AI は平等をもたらすのか

必ずしもそうとは言えない。MIT Sloan のサイト記事より、

  • ジョンソン教授(ノーベル賞受賞者)は、現在のAI革命を産業革命や海洋植民地主義の時代になぞらえ、新しいテクノロジーが必ずしもすべての人々に利益をもたらすわけではないと指摘している
  • 研究では、包括的な政治制度を持つ国と搾取的な制度を持つ国を比較し、個人の権利を促進する包括的な政府の方が持続的な長期成長を実現できることを示した
  • AIの出現により、熟練労働者や中級労働者が技術に取って代わられ、エリート層だけが繁栄するという権力の集中が起こる可能性がある

(参考)ノーベル経済学賞受賞講演

2024年ノーベル経済学賞受賞者の3氏は、制度の質が各国の経済発展と生活水準の格差を生み出す根本的な要因であり、特に植民地時代の制度的遺産が現代の経済パフォーマンスに大きな影響を与えていることを、様々な事例研究を通じて実証的に示した。

また、3氏は共通して、AI技術の発展など現代の課題に対しても、制度的視点からのアプローチが重要であることを強調している。

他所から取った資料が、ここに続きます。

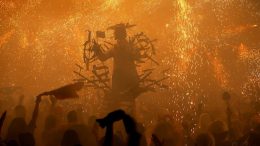 Der feuerspeiende Borrachito Fogatero La Palma in Mazo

包括的な制度(英語では”Inclusive institutions”)とは、以下のような特徴を持つ制度のこと:

  • 社会の幅広い層の参加を保証し、権力や経済的機会が特定のエリート層に独占されない
  • 法の支配が確立され、全ての人々に平等に適用される
  • 財産権が適切に保護され、イノベーションや投資のインセンティブが確保される
  • 政治的な多元主義が保障され、様々な意見や利害が政策決定プロセスに反映される
  • 経済活動への参入障壁が低く、公平な競争環境が整備されている

ノーベル経済学賞の正式名称は「スウェーデン国立銀行経済学賞(Sveriges Riksbanks pris i ekonomi till Alfred Nobels minne)」。これは、アルフレッド・ノーベルの名を冠した賞で、1970年から経済学分野の業績に対して授与されている。